“Morocco rejects the unilateral process of the independence of Catalonia, and voices its attachment to the sovereignty, national unity and territorial integrity of Spain”, said a statement issued Wednesday by the Moroccan Foreign Affairs ministry.
“The unilateral decision, announced yesterday (Tuesday), is irresponsible and unsustainable. It is also a source of instability and division not only in Spain but throughout its European neighborhood”, added the statement, saying Rabat is confident in the Spanish government’s ability to manage wisely this situation to uphold constitutional order and serve the supreme interest of Spain and Europe.
Thus, the Kingdom of Morocco does not recognize this unilateral process, contrary to international legality”, underlined the foreign affairs press release.
Spain’s Prime Minister has put Catalonia on notice that it could impose direct rule on the region. Mariano Rajoy said he had asked Catalan leader Carles Puigdemont to confirm whether or not he has declared independence.
The move is a first step towards activating Article 155 to suspend Catalonia’s autonomy.
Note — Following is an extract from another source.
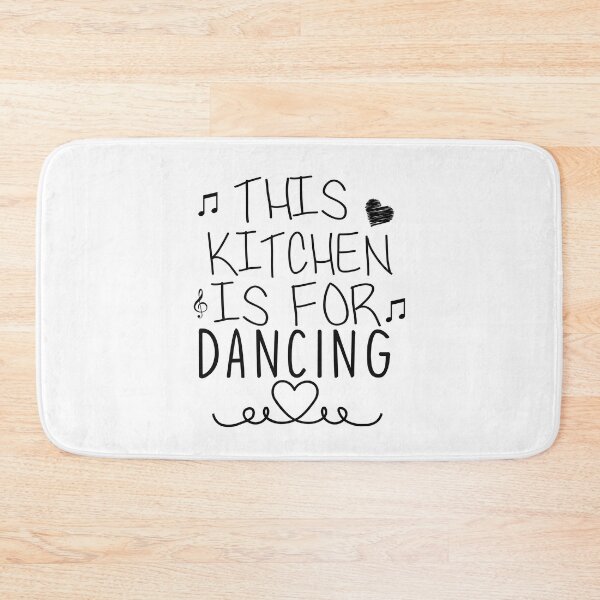 Item preview, This Kitchen is for dancing ,  Kitchen COOKING, Kitchen shirt, Gift for Cook, Cook , Gift for mom, Funny  designed and sold by kotsdesign.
On Tuesday Mr Puigdemont signed a declaration of independence, but halted implementation to allow negotiations.
Mr Rajoy accused Mr Puigdemont of creating “deliberate confusion” and said he wanted to restore “certainty”.
“This call – ahead of any of the measures that the government may adopt under Article 155 of our constitution – seeks to offer citizens the clarity and security that a question of such importance requires,” Mr Rajoy said.
“There is an urgent need to put an end to the situation that Catalonia is going through – to return it to safety, tranquility and calm and to do that as quickly as possible,” he added after holding an emergency cabinet meeting to discuss the government’s next steps.
The Spanish Senate has said preparations to trigger Article 155 have begun, but the legal process will not begin until a response has been received from the Catalan leadership.
Spain has been in turmoil since a disputed referendum in Catalonia on October 1, which was declared invalid by the country’s Constitutional Court.
Catalonia is one of Spain’s wealthiest regions, but a stream of companies has announced plans to move head offices out of Catalonia in response to the crisis.
The European Union has made clear that should Catalonia split from Spain, the region would cease to be part of the EU.